Ritesh Batra’s “Photograph” is based on the present but yearns for the past. In the age of mobile phones, social media and fast-paced romances, Batra’s film harks back to Bollywood of the 70s, quaint romances and a Mumbai that is still stuck in time.
The problem with “Photograph” is that while the look might be retro, the events in the film are not, and the two elements when put together seem incongruous.
Miloni (Sanya Malhotra) is a meek student who doesn’t seem to have much going on in her life other than her Chartered Accountant exams. Her middle-class Gujarati parents cannot fathom that their daughter would want to do anything but study and marry a man of their choice. Ditto for Miloni.
A chance meeting with Rafiq (Nawazuddin Siddiqui), who makes a living by taking pictures of tourists, gives Miloni an escape from her dreary world.
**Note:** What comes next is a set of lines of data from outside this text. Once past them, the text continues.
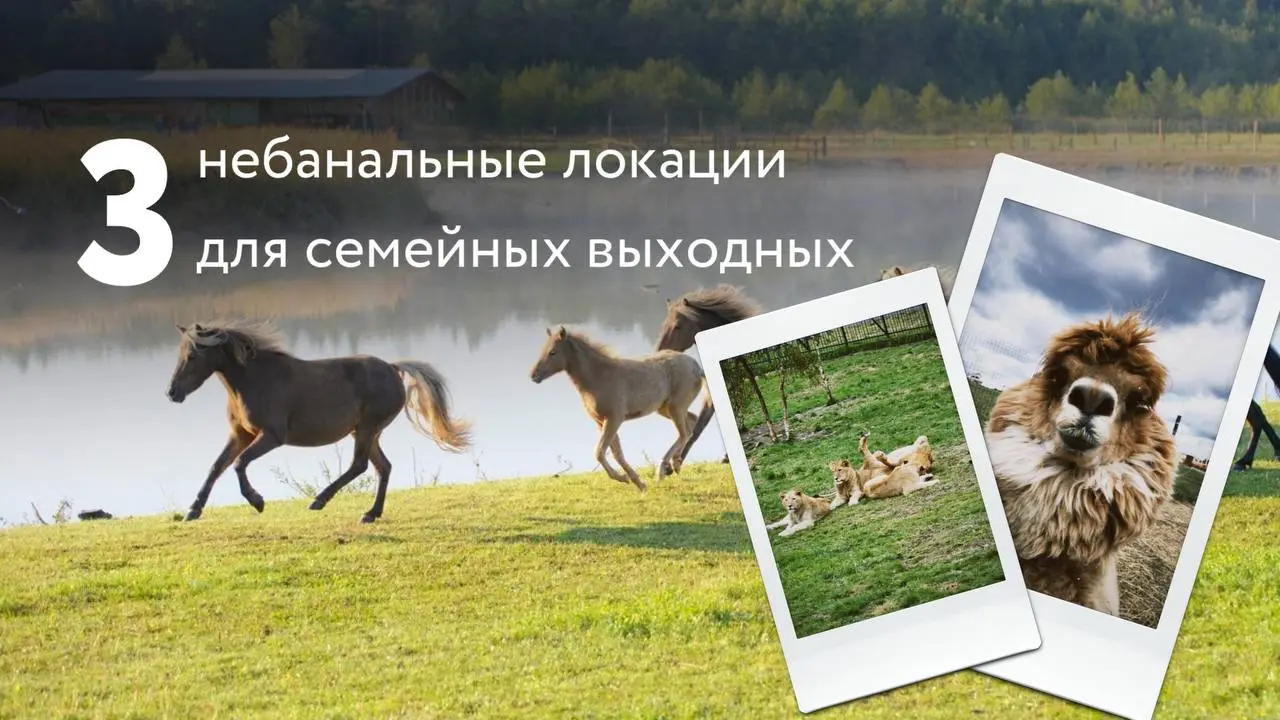 Мы живем в северо-западном направлении Московской области, поэтому и места собраны по Новорижскому и Ленинградскому шоссе.
1 | Сетка — социальная сеть от hh.ru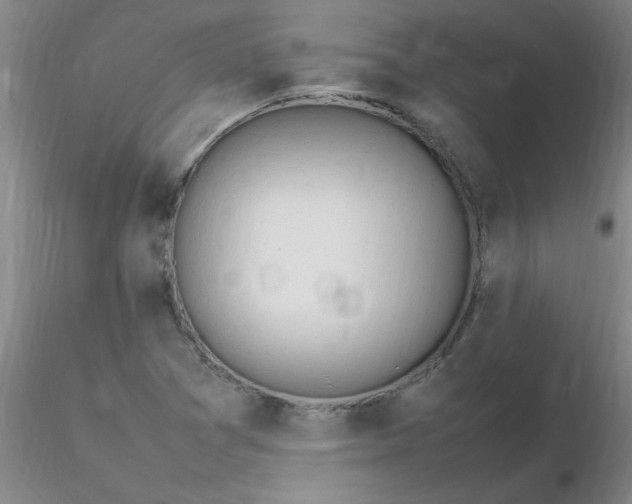 X0000116311361200912211913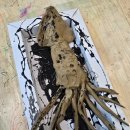 강정동-19 이미지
Rafi himself is looking to find a way to stop his grandmother from nagging him about finding a wife. He sends Miloni’s photograph to the old lady and says he’s in love with her. Miloni, looking for some adventure herself, agrees to keep up the charade, meeting his grandmother, humouring her, and finding herself inexplicably drawn to Rafiq.
But Batra’s world, full of coy glances, long taxi drives and clandestine movie dates at an old theatre, sweeps the realities of class differences under the carpet. Miloni, used to being waited on hand and foot at home (right down to a glass of milk served by a maid), seems blind to her privilege and Rafiq’s poverty, almost romanticizing it.
She dreams of living in a village, working in the fields and sleeping under a tree. She confesses her fantasy to her maid (Geetanjali Kulkarni), who is her one connection with the world that Rafi inhabits.
To her credit, Sanya Malhotra puts in a solid performance, pulling off the role of a shy, conservative student who wants to break free with aplomb. Siddiqui is not as accomplished, thanks to a stilted role that never quite gets hold of what Rafiq wants.
Unlike his earlier film “Lunchbox” (also about an unlikely romance), which became a surprise hit at the box office, Batra’s latest offering doesn’t quite hit the sweet spot.